## Data in this exercise
====

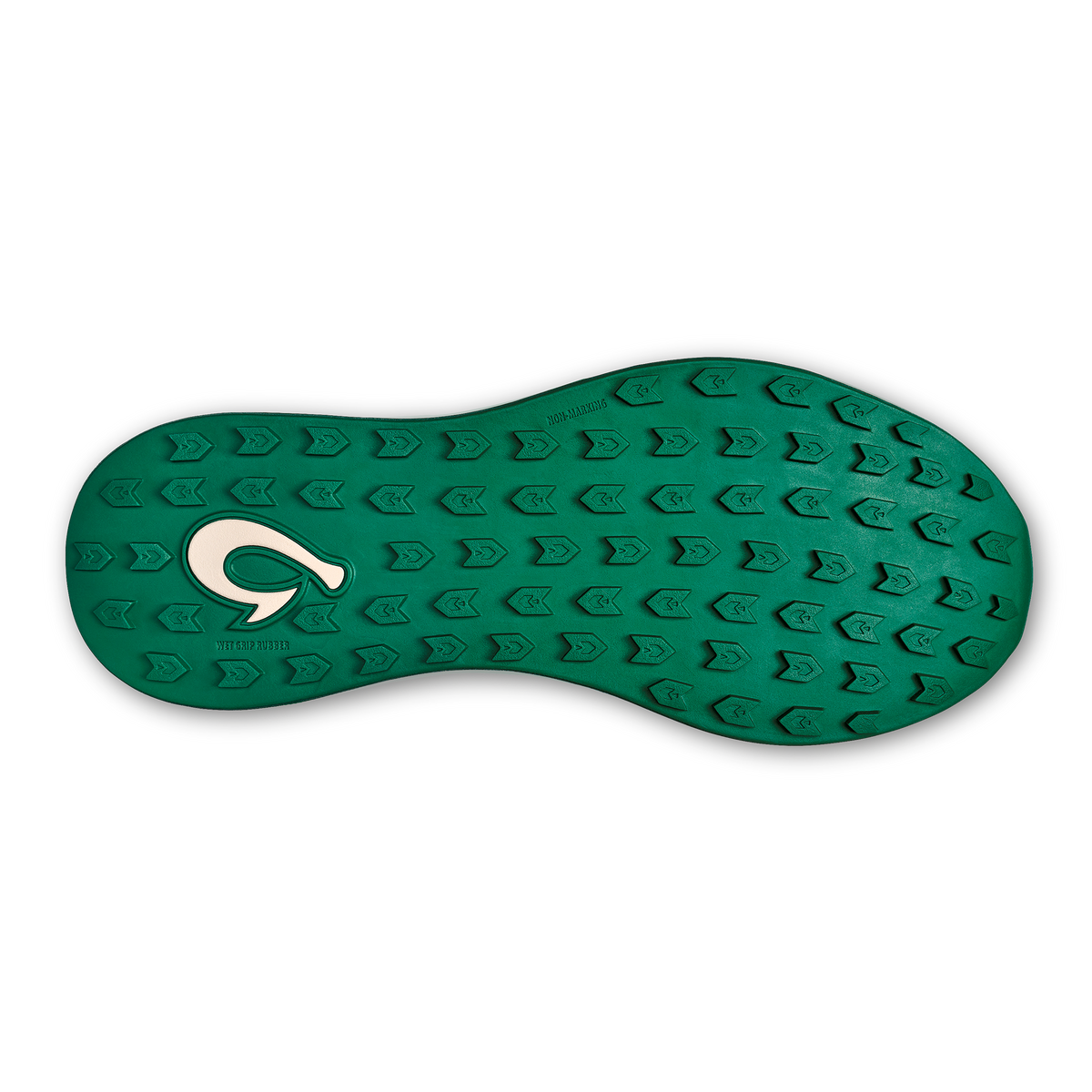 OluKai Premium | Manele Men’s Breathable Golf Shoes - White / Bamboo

====

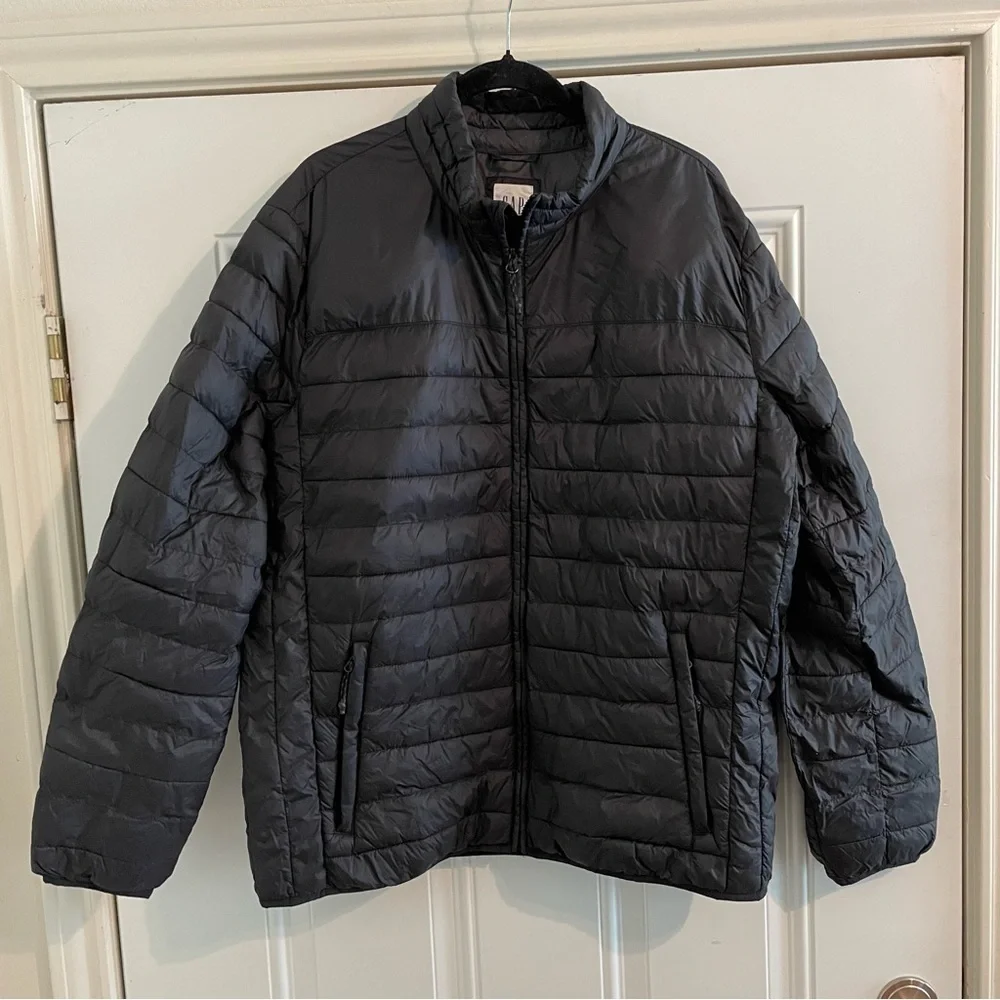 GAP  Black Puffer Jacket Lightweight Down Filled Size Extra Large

====

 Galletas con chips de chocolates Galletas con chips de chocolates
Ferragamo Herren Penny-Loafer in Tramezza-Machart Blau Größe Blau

====

## What you will do
Give back, unchanged, the run of lines in the listing above that begins at the line containing "Galletas con chips de chocolates Galletas" and ends at the line containing "Ferragamo Herren Penny-Loafer", both included.

## Finished task
 Galletas con chips de chocolates Galletas con chips de chocolates
Ferragamo Herren Penny-Loafer in Tramezza-Machart Blau Größe Blau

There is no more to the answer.